# Fake Eggs Forever?



## bobsinoregon (Feb 13, 2017)

Hello. I have a hen who loves to lay unfertile eggs. No male, I don't want to breed her.

I heard if you remove the eggs and replace with fake eggs, she will continue to sit on them and it will shut down her need to produce more eggs.

She is very tame, sweet and will get off her "nest", to come out with me.

Is the fake egg nest the right way to go to help her to stop producing her own eggs and perserve her health??

Thank you :cinnamon pearl:


----------



## Haimovfids (Sep 19, 2012)

No need to replace her eggs. The reason they usually replace eggs is because they don't want the fertile eggs to hatch.

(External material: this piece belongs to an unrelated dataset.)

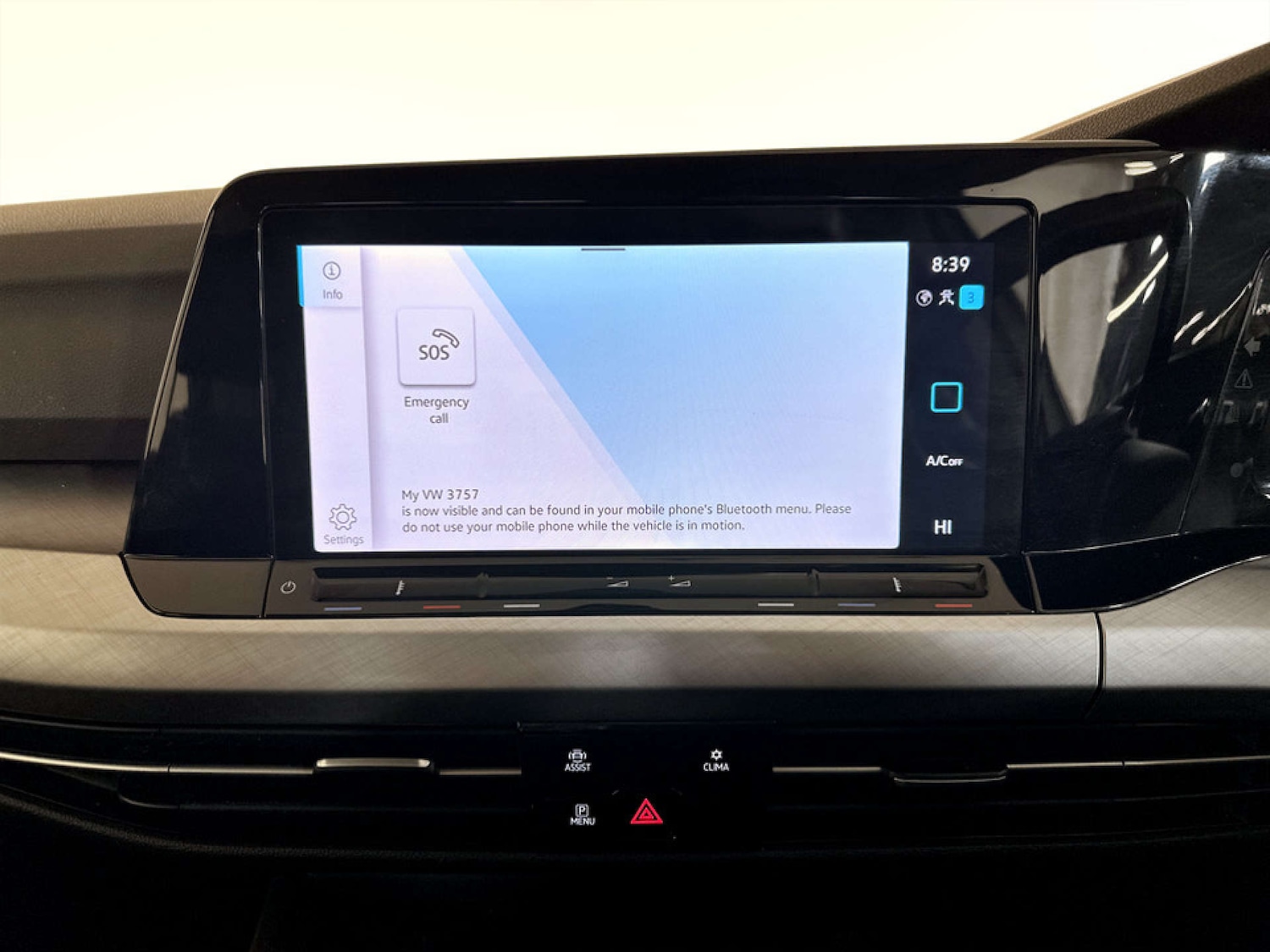 Used Volkswagen Golf 2022 for sale - 77245616: Photo 24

Leave her eggs with the mom for about 21 days or until she gives up on them. Give her at least 12 hours of sleep a night to help her hormones calm down.


----------



## SilverSage (Oct 19, 2014)

As stated above, the fake eggs are only needed if there is danger of her own eggs actually hatching. Go ahead and leave her eggs with her.

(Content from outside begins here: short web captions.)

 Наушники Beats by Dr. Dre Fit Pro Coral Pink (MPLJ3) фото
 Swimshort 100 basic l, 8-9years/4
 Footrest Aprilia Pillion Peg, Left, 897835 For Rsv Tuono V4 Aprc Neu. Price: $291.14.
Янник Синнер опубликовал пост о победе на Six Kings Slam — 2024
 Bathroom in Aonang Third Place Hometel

There are a LOT of things you can do to disrupt the hormonal cycle. I started researching this as an adult because when I was a kid I had a cockatiel lay herself to death (dozens and dozens of eggs a year) and I had no idea how to stop it. I have written an article on hormone control which I will link here for you 

http://www.silversageaviaries.com/handlinghormones/


Sent from my iPhone using Tapatalk


----------



## philiplolc (Sep 20, 2016)

first time i'm seeing my female tiel getting hormonal with a new bird that i brought in.. seems i've not been attentive enough.. alot more to learn.. thanks for the info


----------



## tielfan (Aug 31, 2008)

The forum also has a sticky thread on hormone control here: http://talkcockatiels.com/showthread.php?t=32330

Supposedly you can prevent a hen from laying a full clutch by giving her a bunch of fake eggs as soon as she lays the first egg, so she thinks she has a full clutch already and doesn't need to lay any more. This might work on some birds but it doesn't work on mine. They'll lay 4 to 6 eggs no matter how many are in the nest. It's not just having extra eggs in the nest either. I can take a couple of eggs away and give them to a different pair, and it doesn't change the number that is laid. If I took away all the eggs they would probably lay more to replace them, but as long as there are some eggs in the nest, the number that each hen lays is pretty much fixed. 

The effect of having fake eggs (or infertile real eggs) in the nest only lasts for about three weeks. At that point the hen realizes that they're overdue for hatching and must not be any good, and she's likely to start laying a new clutch. So if you've got a single hen sitting on infertile eggs, you need to work on reducing her hormone levels before she decides it's time to lay some more eggs.


----------